[Work required] Copy verbatim the block of lines in the entries below whose first line contains "In this tutorial" and whose last line contains "Hello everyone. Welcome". Leave out all other lines.

=== Begin Enclosure ===

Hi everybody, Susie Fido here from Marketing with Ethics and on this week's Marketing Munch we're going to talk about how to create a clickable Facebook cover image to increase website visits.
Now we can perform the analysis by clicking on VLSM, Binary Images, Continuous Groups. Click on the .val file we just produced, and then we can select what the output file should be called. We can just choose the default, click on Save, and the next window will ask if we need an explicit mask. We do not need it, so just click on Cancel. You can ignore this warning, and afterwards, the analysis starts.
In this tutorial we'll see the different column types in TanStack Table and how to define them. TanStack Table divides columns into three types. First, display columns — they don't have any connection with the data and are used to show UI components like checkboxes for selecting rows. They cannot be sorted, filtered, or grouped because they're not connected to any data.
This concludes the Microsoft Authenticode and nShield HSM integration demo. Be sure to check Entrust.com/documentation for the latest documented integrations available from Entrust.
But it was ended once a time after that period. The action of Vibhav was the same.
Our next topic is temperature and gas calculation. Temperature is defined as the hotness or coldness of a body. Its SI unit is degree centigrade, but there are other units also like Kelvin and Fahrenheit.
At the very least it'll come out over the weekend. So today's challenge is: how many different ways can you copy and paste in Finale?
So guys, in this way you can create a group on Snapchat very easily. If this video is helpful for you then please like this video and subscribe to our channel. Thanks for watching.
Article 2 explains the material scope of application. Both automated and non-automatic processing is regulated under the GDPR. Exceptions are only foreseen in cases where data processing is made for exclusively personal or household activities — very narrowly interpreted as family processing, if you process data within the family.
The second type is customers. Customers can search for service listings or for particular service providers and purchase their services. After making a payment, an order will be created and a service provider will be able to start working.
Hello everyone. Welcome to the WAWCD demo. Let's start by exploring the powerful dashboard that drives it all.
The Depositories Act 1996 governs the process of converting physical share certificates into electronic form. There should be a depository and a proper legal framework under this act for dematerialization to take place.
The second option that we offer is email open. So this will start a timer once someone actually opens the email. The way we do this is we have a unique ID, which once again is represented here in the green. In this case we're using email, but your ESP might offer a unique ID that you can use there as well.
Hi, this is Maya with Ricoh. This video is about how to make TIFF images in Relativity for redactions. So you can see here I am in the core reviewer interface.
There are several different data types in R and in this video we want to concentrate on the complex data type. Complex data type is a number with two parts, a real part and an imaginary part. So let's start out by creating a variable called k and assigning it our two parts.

=== End Enclosure ===

[Solution to this task]
In this tutorial we'll see the different column types in TanStack Table and how to define them. TanStack Table divides columns into three types. First, display columns — they don't have any connection with the data and are used to show UI components like checkboxes for selecting rows. They cannot be sorted, filtered, or grouped because they're not connected to any data.
This concludes the Microsoft Authenticode and nShield HSM integration demo. Be sure to check Entrust.com/documentation for the latest documented integrations available from Entrust.
But it was ended once a time after that period. The action of Vibhav was the same.
Our next topic is temperature and gas calculation. Temperature is defined as the hotness or coldness of a body. Its SI unit is degree centigrade, but there are other units also like Kelvin and Fahrenheit.
At the very least it'll come out over the weekend. So today's challenge is: how many different ways can you copy and paste in Finale?
So guys, in this way you can create a group on Snapchat very easily. If this video is helpful for you then please like this video and subscribe to our channel. Thanks for watching.
Article 2 explains the material scope of application. Both automated and non-automatic processing is regulated under the GDPR. Exceptions are only foreseen in cases where data processing is made for exclusively personal or household activities — very narrowly interpreted as family processing, if you process data within the family.
The second type is customers. Customers can search for service listings or for particular service providers and purchase their services. After making a payment, an order will be created and a service provider will be able to start working.
Hello everyone. Welcome to the WAWCD demo. Let's start by exploring the powerful dashboard that drives it all.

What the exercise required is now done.